* What the task requires *
The material below holds pictures; leave them out, and copy exactly, and only, the lines from the one with "As a bit of" through the last.
** Provided data follows **
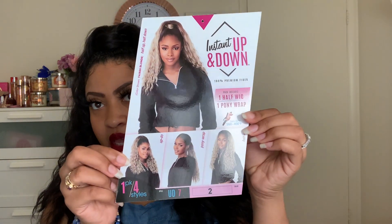I think this is so cute, you guys, and perfect for summer. This is definitely giving me summertime hair vibes. The best thing about this unit is that you do have options when wearing it — you do not have to wear it just this particular way. Actually, on the stock card they give you four different ways that you can wear it. So we're going to switch it up a little bit. I'm going to style this same half wig and ponytail another way and then I'll be right back.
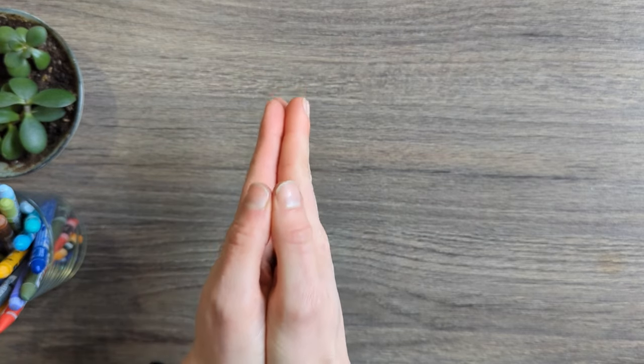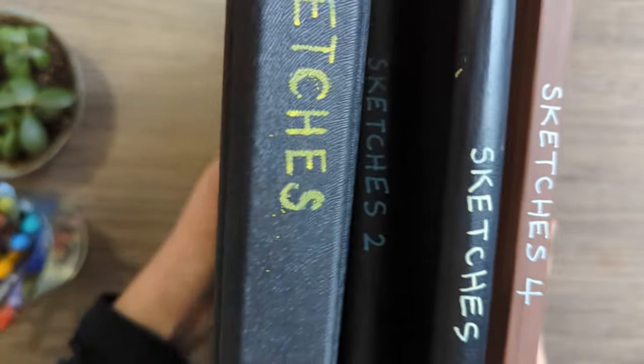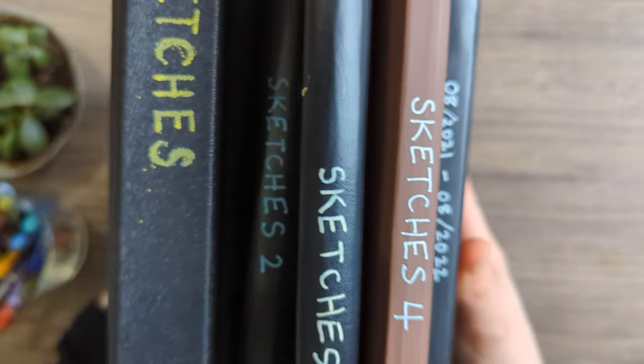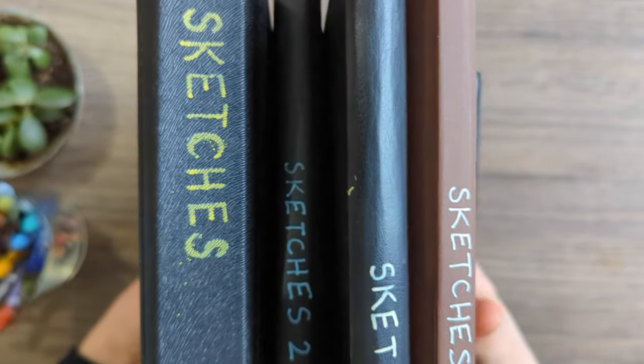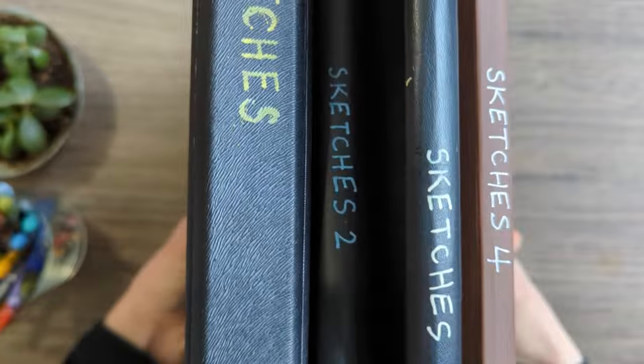As a bit of a celebration I thought I might do a sketchbook tour! As you can see I have a few sketchbooks here. I've only been sketchbooking since 2021, so it's just over a year and a bit now.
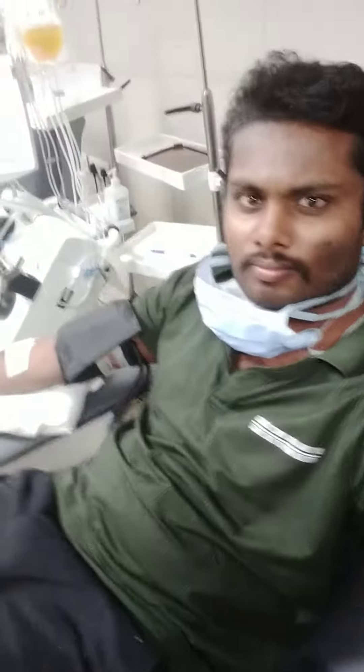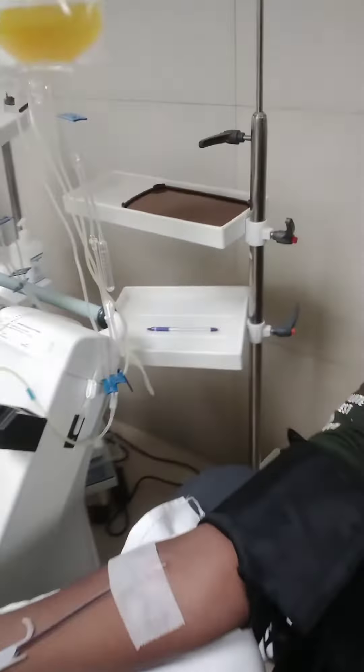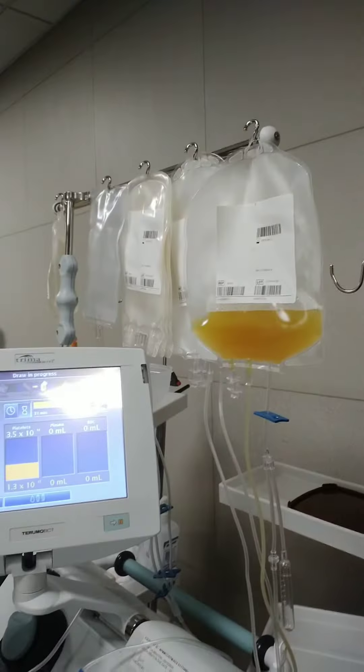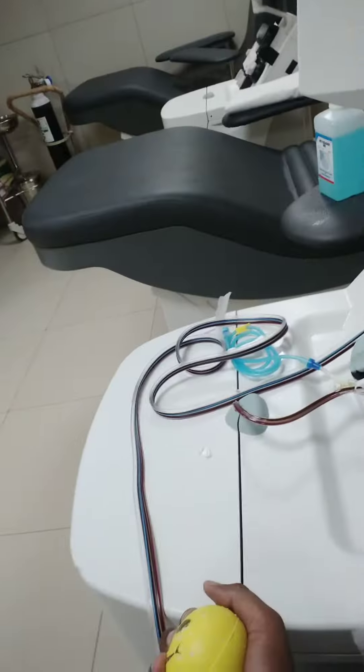SDP is a single donor platelet. The first thing is, we have 400-600 ml of blood. This is a component of the blood. So, if you have an IV site, you can use this machine to centrifuge. It is a very important part of the plasma.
** End of Provided data **
* Response *
As a bit of a celebration I thought I might do a sketchbook tour! As you can see I have a few sketchbooks here. I've only been sketchbooking since 2021, so it's just over a year and a bit now.
SDP is a single donor platelet. The first thing is, we have 400-600 ml of blood. This is a component of the blood. So, if you have an IV site, you can use this machine to centrifuge. It is a very important part of the plasma.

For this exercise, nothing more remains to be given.